Valley Times-News, The (Lanett, AL) - Thursday, September 30, 2010 Author: Cy Wood, Publisher/ Editor

It's not often a community has the opportunity to affirm its admiration of and support for its institutions. Chambers County voters have that opportunity on the Nov. 2 ballot with the proposal to renew the library's two-mill tax.

This will be the third time in my tenure at the newspaper that county voters have been asked to provide two mills of property taxes for its library operations. Voters have responded positively on the two previous occasions.

That two-mill tax was first enacted for a 10-year period to enable the library to upgrade facilities to meet contemporary demands. When the 10 years was up, the library's trustees went back to the voters and asked for renewal of the two-mill tax for another decade. That time around the money would be used for facilities and for operations.

On the November ballot is a proposal to extend the tax for another 20 years. It would remain two mills, the same levy now in effect, so it's definitely not a tax increase.

The award-winning library operations in Chambers County have been recognized for excellence at the state level, but more important than its reputation outside the county is its reputation inside the county. Chambers County has a library system that would be the envy of much larger communities. I've worked in several communities that have excellent library resources, but Chambers County stands head and shoulders above the rest.
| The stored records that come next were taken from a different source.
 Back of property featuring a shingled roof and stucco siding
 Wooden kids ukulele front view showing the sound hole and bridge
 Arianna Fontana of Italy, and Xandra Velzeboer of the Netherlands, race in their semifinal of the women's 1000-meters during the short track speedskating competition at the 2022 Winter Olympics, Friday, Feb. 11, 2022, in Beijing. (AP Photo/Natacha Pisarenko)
That's important, because in an era when governmental budgets are strained and the economy is difficult, keeping the doors open sometimes becomes the first priority of public services. With the local libraries in Valley and LaFayette, that hasn't been the case. The library has expanded its scope of services, increased its outreach to the community and multiplied its patron base by being relevant, being efficient and being responsive to community needs.
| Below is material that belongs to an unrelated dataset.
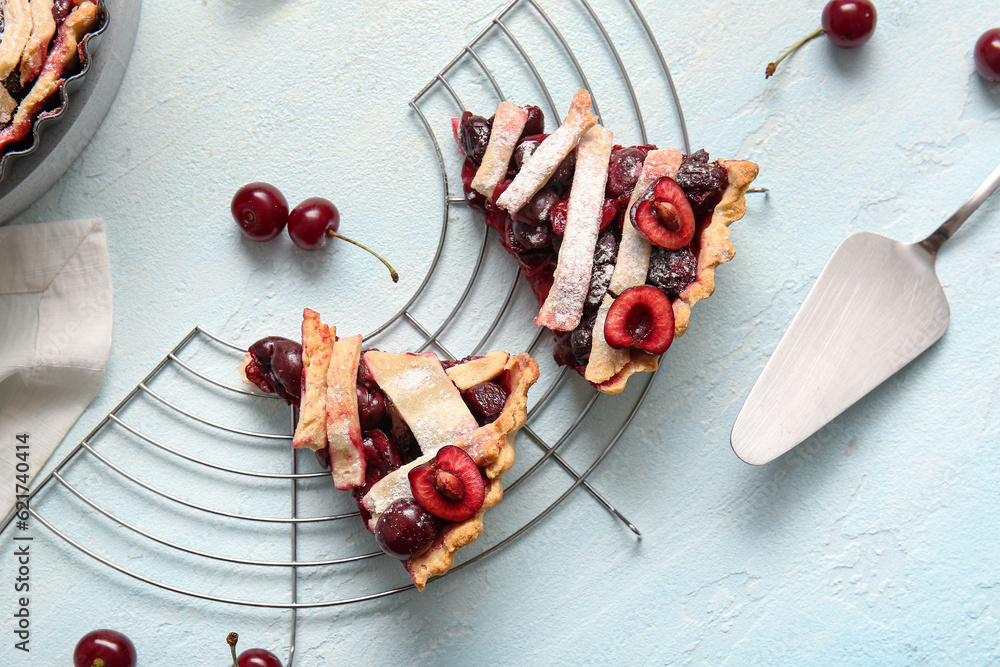 Stand with pieces of tasty cherry pie on blue background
There will always be books on the shelves and periodicals on the racks at the library, but the local library is at the forefront in using digital technology to provide services to the community.

For many local residents who cannot afford broadband Internet access at home, the computers at the library, which are free for public use, provide a link with the cyberworld that otherwise would be unavailable.
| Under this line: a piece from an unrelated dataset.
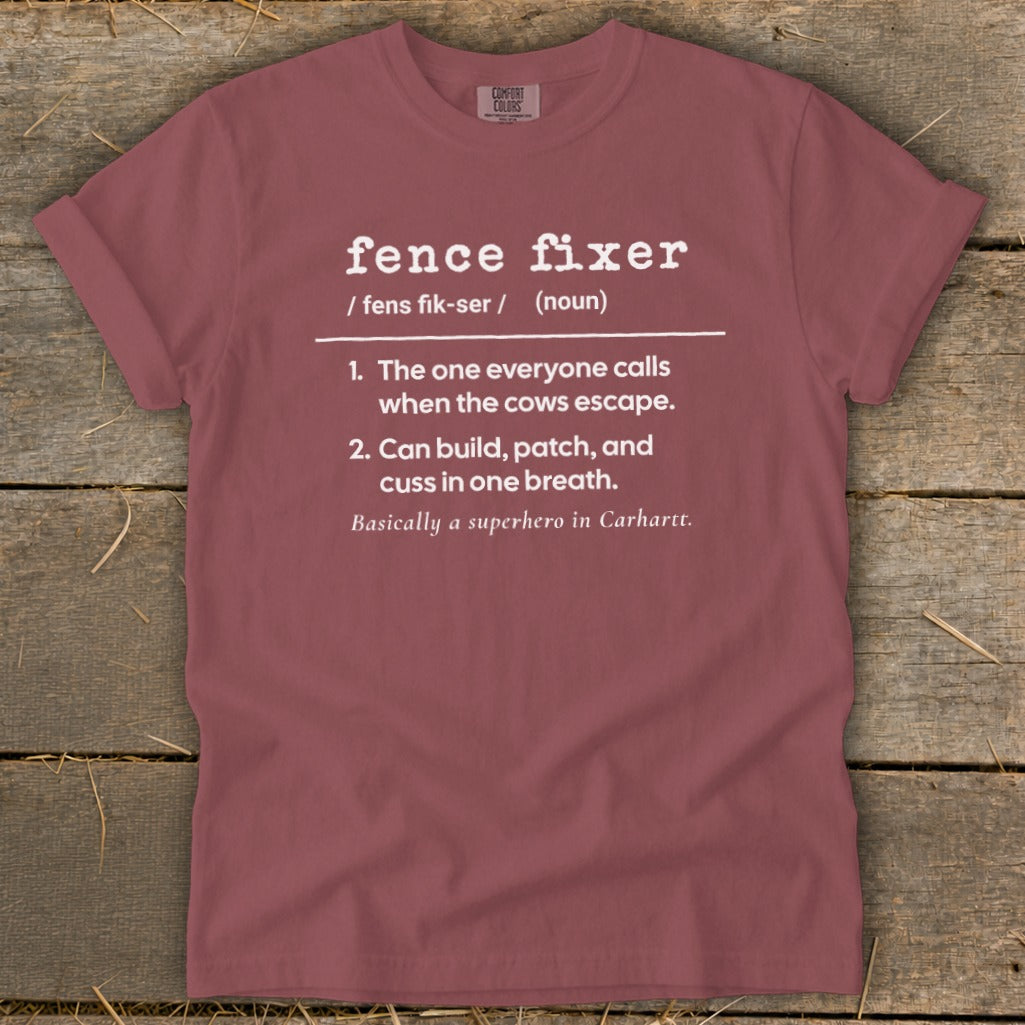 Maroon t-shirt with white text defining "fence fixer" as a superhero.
Thousands of local youngsters have access to children's books that many family budgets cannot afford to purchase. The Cobb Memorial Archives at the library provides a wealth of genealogical and historical research material that simply isn't available anywhere else in this community.

Two questions might come to mind about the tax renewal:Why two mills and why 20 years? The two mills is easy enough to explain. The library could ask for four or six or even 10, but it's asking for two mills. The library understands the strain on family budgets in these tough economic times, so it's telling the community that just like you, we're committed to getting the job done without asking for additional resources. Nobody's tax bill will go up if the library millage is approved. Nothing changes, except the end date of the tax levy.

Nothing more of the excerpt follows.